I'm reading about the derivative of multivariable function:
First, the lecture note prove that the gradient of $f_{2}(x)=\frac{1}{2}\langle Q x, x\rangle \quad \forall x \in \mathbb{R}^{n}$ is $$\nabla f_{2}(x)=\frac{1}{2}\left(Q+Q^{\top}\right) x \quad \forall x \in \mathbb{R}^{n}$$
Then they use this result and the chain rule to compute the derivative of $f_3:\mathbb R^n \to \mathbb R, \quad x \to \|x\|$.
My questions:
Because $\nabla \|x\| = \nabla \langle x,x \rangle = 2x$. I could not understand why the lecture note gives $D \|x\|^2 = (2x)^{\top}$ and it concludes that $D f_3(x) = \frac{x^{\top}}{\|x\|}$ and $\nabla f_{3}(x)=\frac{x}{\|x\|}$. How does the transpose operator come into the play?
From my understanding, $D f_3 (x) \in \mathcal L(\mathbb R^n, \mathbb R)$. As such, should it be $D f_3 (x) = \langle \nabla f_{3}(x), \cdot\rangle$ rather than $\frac{x^{\top}}{\|x\|}$? Similarly, should it be $D \|x\|^2 = \langle 2x, \cdot\rangle$ rather than $2x^{\top}$?

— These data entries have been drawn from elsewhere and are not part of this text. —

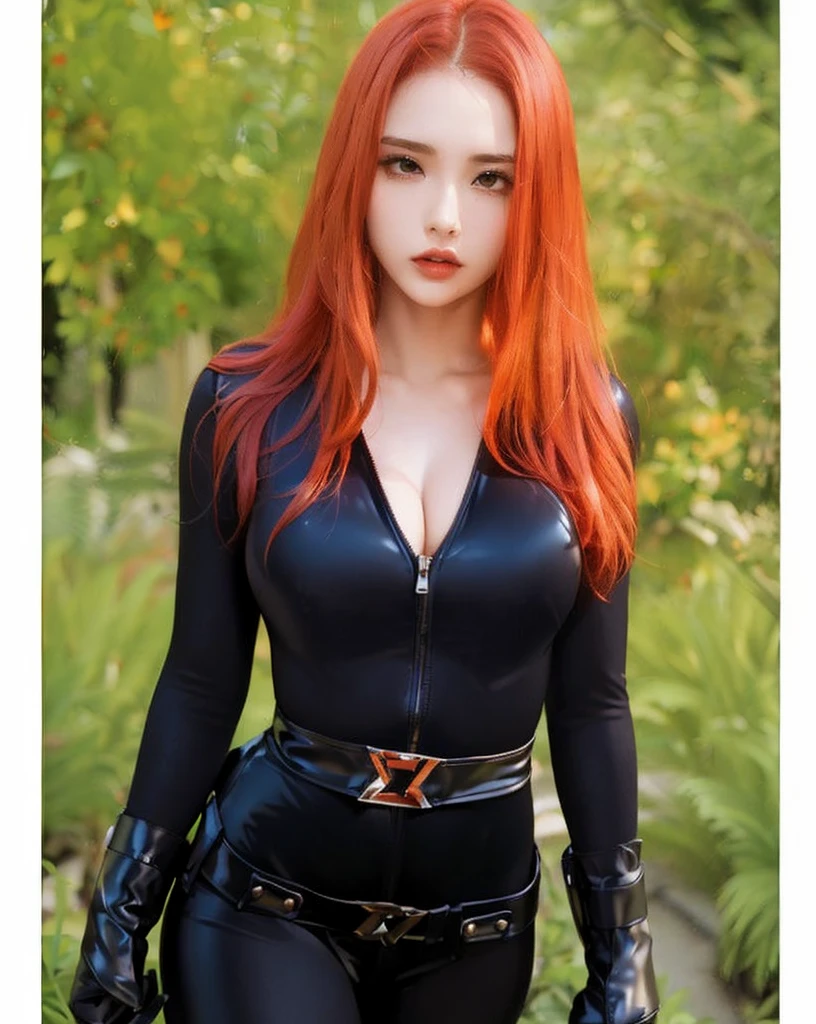 The image portrays a girl with red hair. She is dressed in a sleek skin-tight shiny black latex bodysuit with a deep-cut zipper neckline revealing a large chest, black wrist guard, and a black belt. The woman is standing in an environment characterized by the presence of green plants.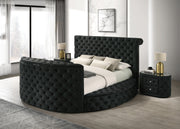 Voltare Black Queen Upholstered Fireplace Bed with TV Lift - DMV FurnitureQueen Bed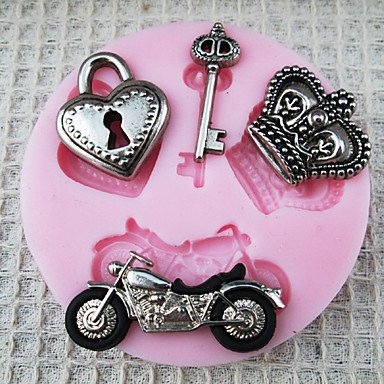 Sher 3D Motorcycle shaped Silicone Mold Fondant Molds Sugar Craft Tools Chocolate Mould For Cakes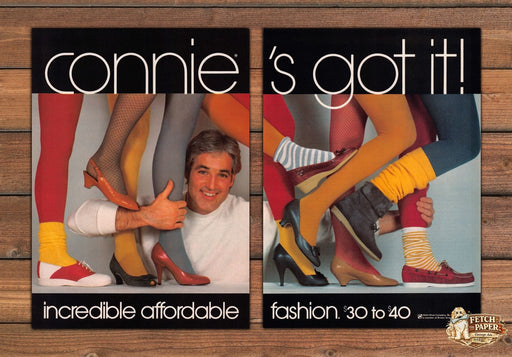 Connie Shoes Lots of Legs 1980s Print Advertisement Ad (2 pages) 1983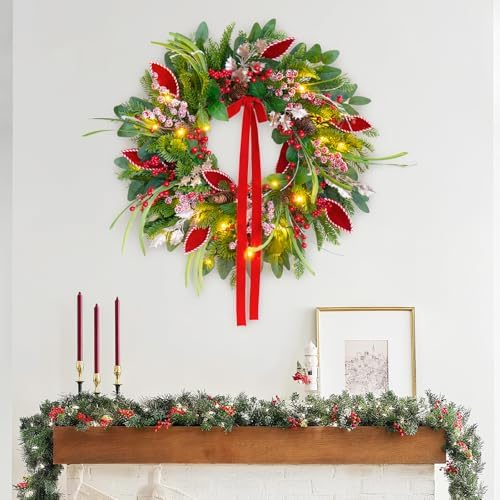 Christmas Wreath with Lights,Outdoor Pre-lit Christmas Wreaths for Front Door-24 Inch Xmas Door Wreath with Pine Needles Pine Cones and Red Berries- Farmhouse Home Christmas Decorations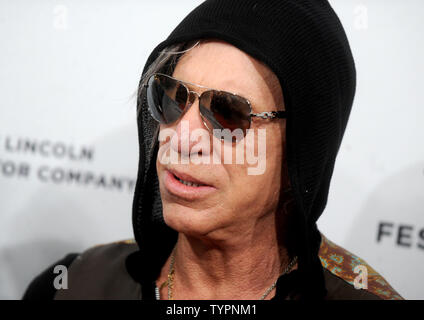 Mickey Rourke arrives on the red carpet at the World Premiere Narrative: 'Ashby' at the 2015 Tribeca Film Festival at SVA Theatre 1 in New York City on April 19, 2015.     Photo by Dennis Van Tine/UPI Stock Photo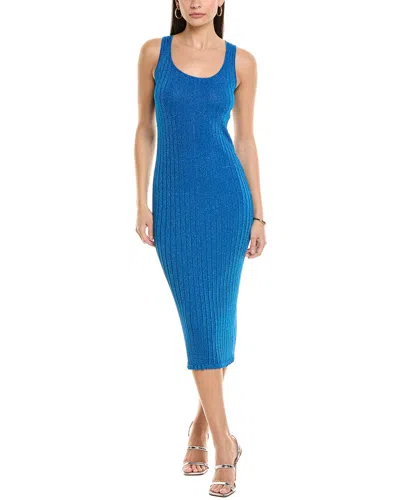 Line & Dot Metallic Midi Dress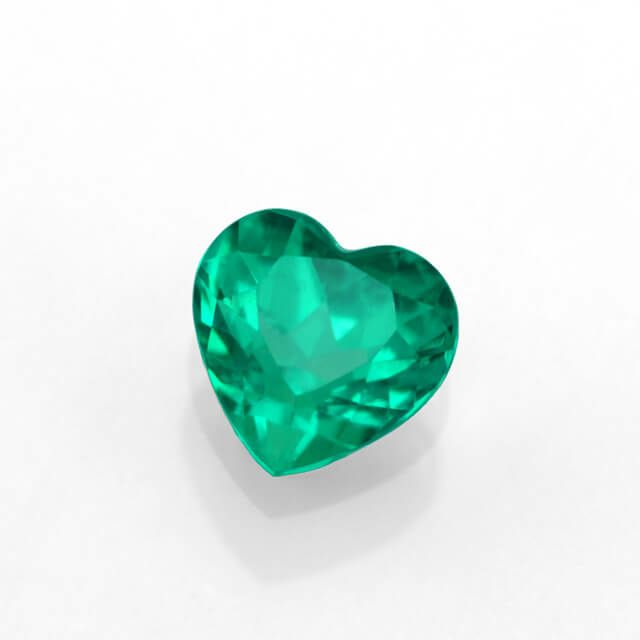 em2883 コロンビア産チボール鉱山ノンエンハンスメントエメラルド ハートカット0.569ct(中央宝石研究所宝石鑑別書付)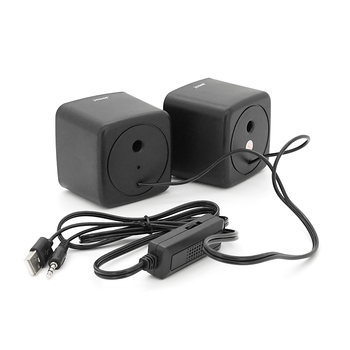 Колонки 2.0 JEDEL S-575 USB+3.5mm, 2x3W, 30Hz-16KHz, з LED підсвічуванням, 72х73х65 мм, Black, BOX Зображення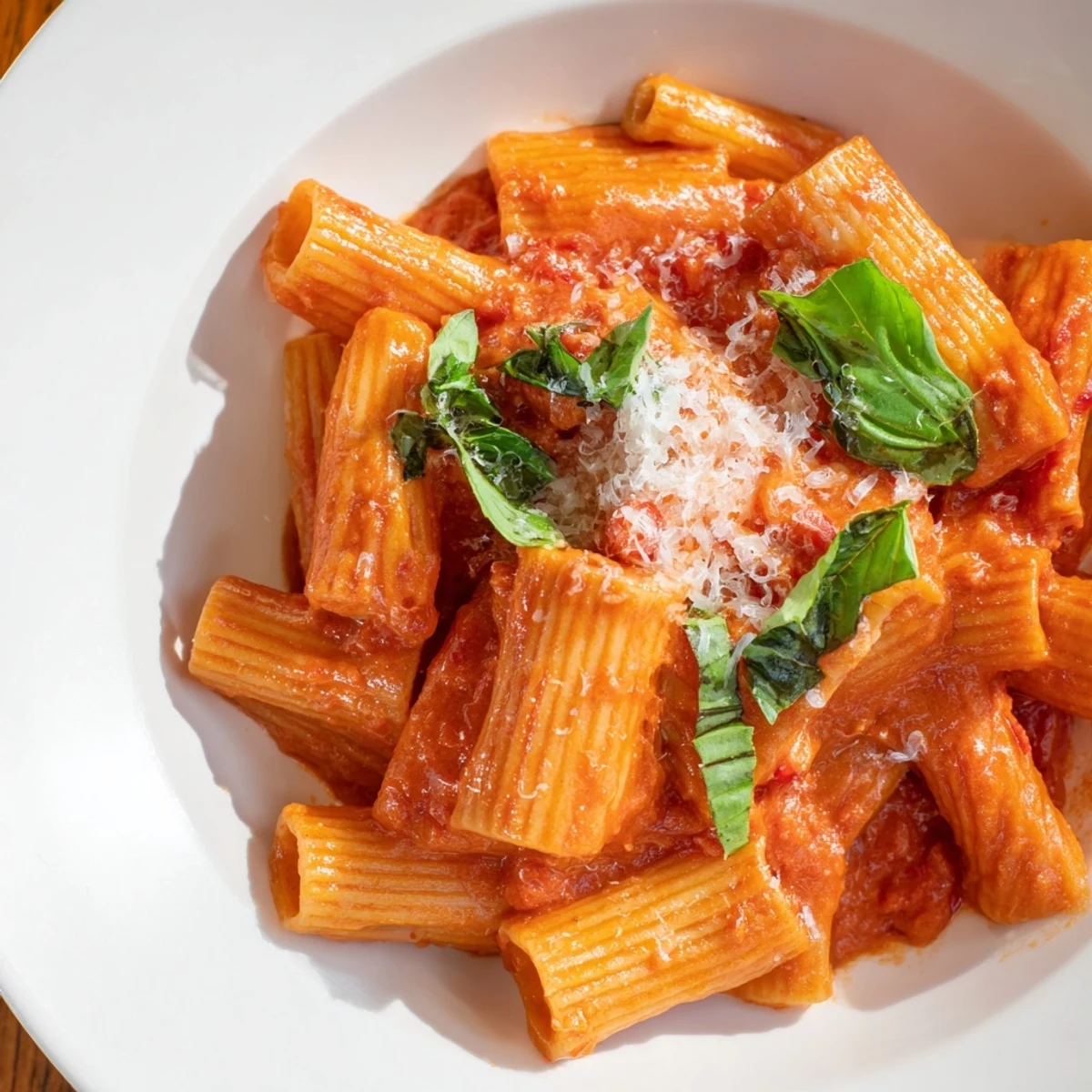 Creamy Tomato Pasta with Fresh Basil Leaves twirled onto a white plate, garnished with grated Parmesan and extra torn basil.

I understand that $D f_3 (x)$ is a continuous linear map in $\mathcal L(\mathbb R^n,\mathbb R)$ such that $D f_3 (x) (\cdot) = \langle \nabla f_3(x), \cdot \rangle$. This kind of notation makes sense for me. As such, $Df_3(x)(v) = \langle \nabla f_3(x), v \rangle = \left \langle \dfrac{x^\top}{\|x\|}, v \right\rangle = \dfrac{x^\top}{\|x\|}\cdot v$. On the other hand, the way of writing $Df_3(x) = \dfrac{x^\top}{\|x\|}$ is very confusing to me. It suggests me that $Df_3(x) (v) = \dfrac{x^\top}{\|x\|}$ for any vector $v$.
It seems to me that the gradient and derivative are mixed up in this lecture note.
Could you please elaborate on my confusion? Thank you for your help!